In the Nacktsamern the gametophyte is quite clearly developed and resembles the prothallium of the ferns. In all groups with the exception of Gnetum , Welwitschia and the Bedecktsamern, the embryo sac at the apical pole forms archegonia , the female reproductive organs. Ginkgo forms two or three archegonia per ovule, conifers up to 60 and Microcycas calocoma up to 100. An archegonium consists of an egg cell that can be up to six millimeters in size ( cycadopsida ) and a different number of neck wall cells . Cervical canal cells are always missing, sometimes an abdominal canal cell or at least an abdominal canal core is formed. In the Bedecktsamern the gametophyte is reduced to a mostly eight-nucleus embryo sac.

More covered

Scheme of an embryo sac in angiosperms
A  Micropyle B  Integument C  Egg D  Synergids E  Pole nuclei F  Antipodes

In the bedecktsamern the nucleus of the megaspore divides in most cases into three free nucleus divisions into two, four and finally eight cell nuclei. Three of these nuclei migrate to the upper or lower end of the embryo sac. There they surround themselves with their own plasma , then their own cell membrane and finally a thin cell wall . The three upper cells form the egg apparatus. The middle of the three is the much larger egg cell (Gynogamet, Oosphere), the other the two synergids (auxiliary cells). It is possible that the two synergids are homologous to the cervical canal cells of an archegonium . The three lower cells are the "antipodes".

The two middle cell nuclei do not separate from the embryo sac plasma and are called "pole nuclei". They fuse to form the secondary embryo sac core , which is therefore diploid.
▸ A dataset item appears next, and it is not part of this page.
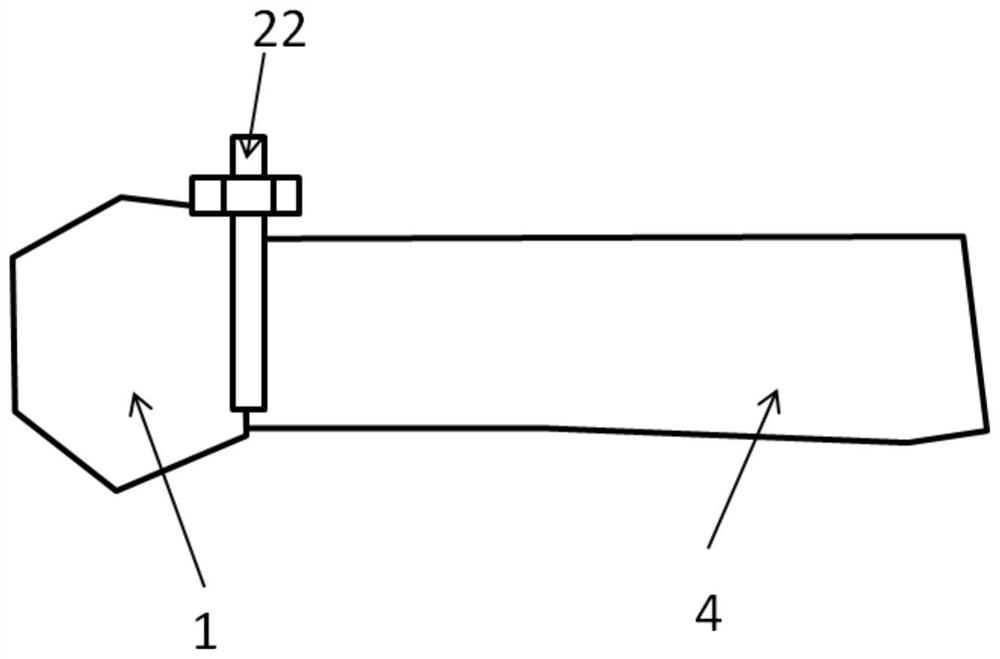 Efficient microwave excitation gas discharge equipment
This happens before or after the pollen tube penetrates .

There are numerous deviations from this type of development, depending on whether one, two or all four megaspores are involved in the construction of the embryo sac, as well as how the embryo sac is further constructed. These types are named after the genus in which they were first described.

See also

literature

Web links

Individual evidence

  1. BM Johri (ed.): Embryology of Angiosperms . Springer, Berlin / Heidelberg / New York / Tokyo 1984, ISBN 978-3-642-69304-5 , pp. 123-125.
  2. ^ Sylvia R. Silveira, Marcelo C. Dornelas and Adriana P. Martinelli: Perspectives for a Framework to Understand Aril Initiation and Development. In: Front. Plant Sci. 7, 2016, p. 1919, doi : 10.3389 / fpls.2016.01919 .
  3. ^ Kleber Del Claro, Paulo S. Oliveira, Victor Rico-Gray: Tropical Biology and Conservation Management. Volume I: Natural History of Tropical Plants , EOLSS, 2009, ISBN 978-1-84826-722-0 , p. 63.
  4. BM Johri et al .: Comparative Embryology of Angiosperms. Vol. 1, Springer, 1992, ISBN 978-3-642-76397-7 , pp. 21, 97-100.
  5. Peter K. Endress: Angiosperm ovules: diversity, development, evolution. In: Annals of Botany. Volume 107, Issue 9, 2011, pp. 1465–1489, doi : 10.1093 / aob / mcr120 .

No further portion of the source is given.